## Prompt
Leaving out all pictures, repeat exactly the lines from the one that holds "flipkart paypal offers get rs 500" to the last line of the entries below.

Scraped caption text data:
^^^^^^^^^^^^^^^^
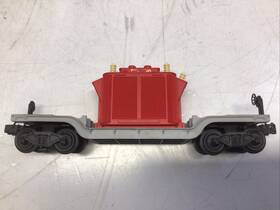 6-26047 Lionel O 2461 Depressed Flat Car Red Transformer Postwar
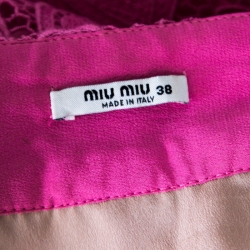 Pre Owned تنورة ميني ميو ميو وردي فاتح قلوب مزينة دانتيل قطني حواف مموجة S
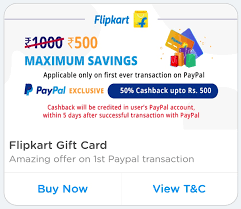 flipkart paypal offers get rs 500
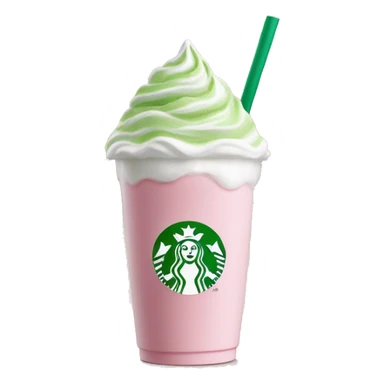 Clear Starbucks cup, no logo, with light pink drink, matcha foam, and whip cream on top sticker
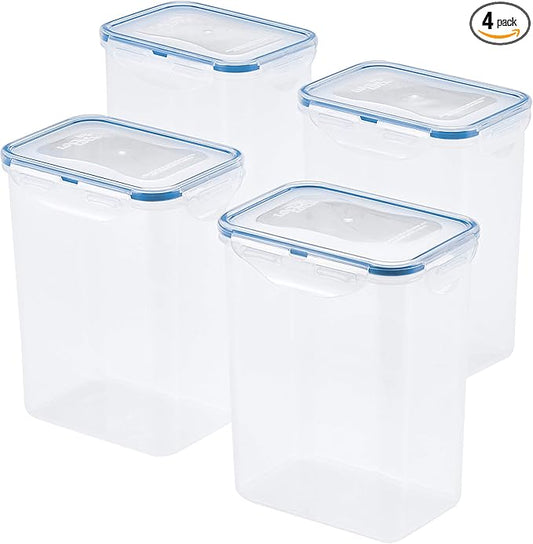 LOCK & LOCK LocknLock Easy Essentials Airtight Rectangular Tall Food Storage Container 7.61 Cup, 4 Piece, Clear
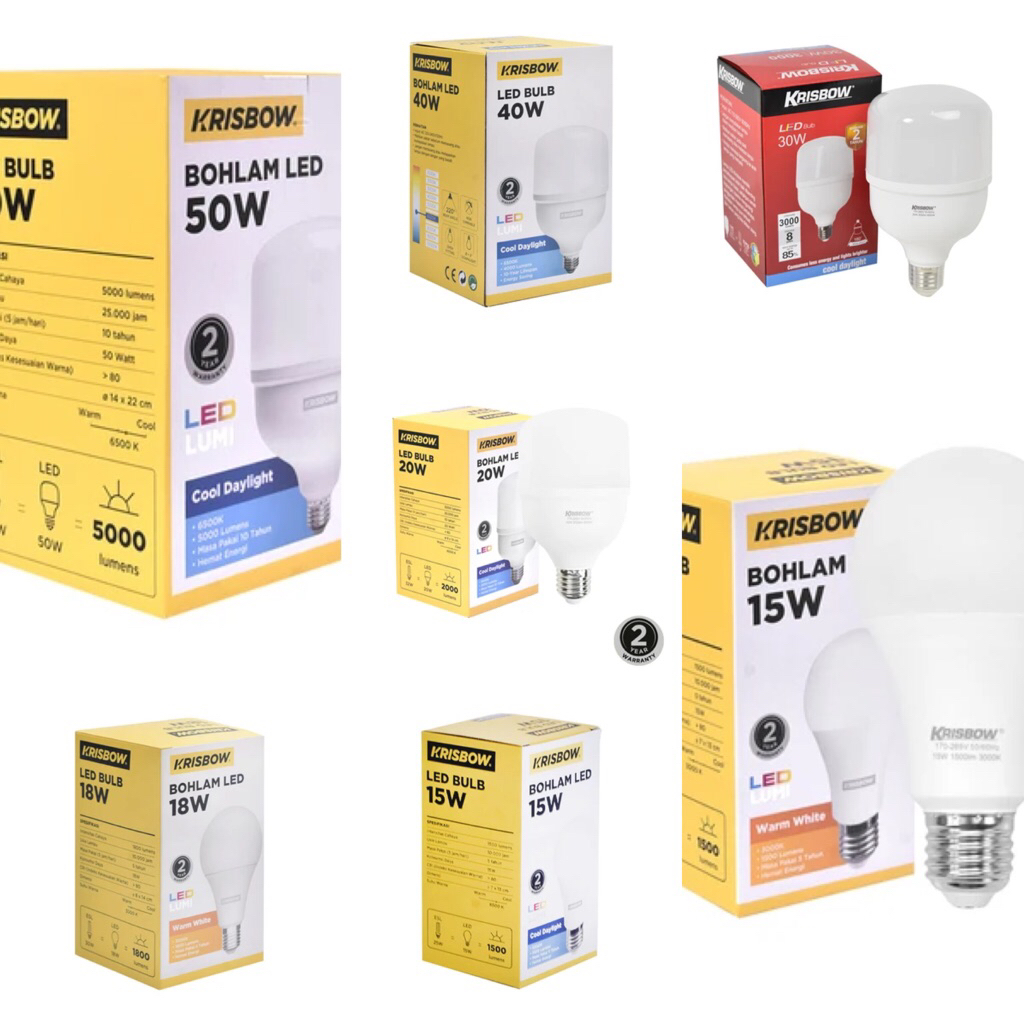 KRISBOW BOHLAM LAMPU E-27 15, 18, 20, 30, 40, 50 WATT PUTIH DAN KUNING/ACE HARDWARE LAMPU LED 15W MU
^^^^^^^^^^^^^^^^
## Exercise solution
 flipkart paypal offers get rs 500
 Clear Starbucks cup, no logo, with light pink drink, matcha foam, and whip cream on top sticker
 LOCK & LOCK LocknLock Easy Essentials Airtight Rectangular Tall Food Storage Container 7.61 Cup, 4 Piece, Clear
 KRISBOW BOHLAM LAMPU E-27 15, 18, 20, 30, 40, 50 WATT PUTIH DAN KUNING/ACE HARDWARE LAMPU LED 15W MU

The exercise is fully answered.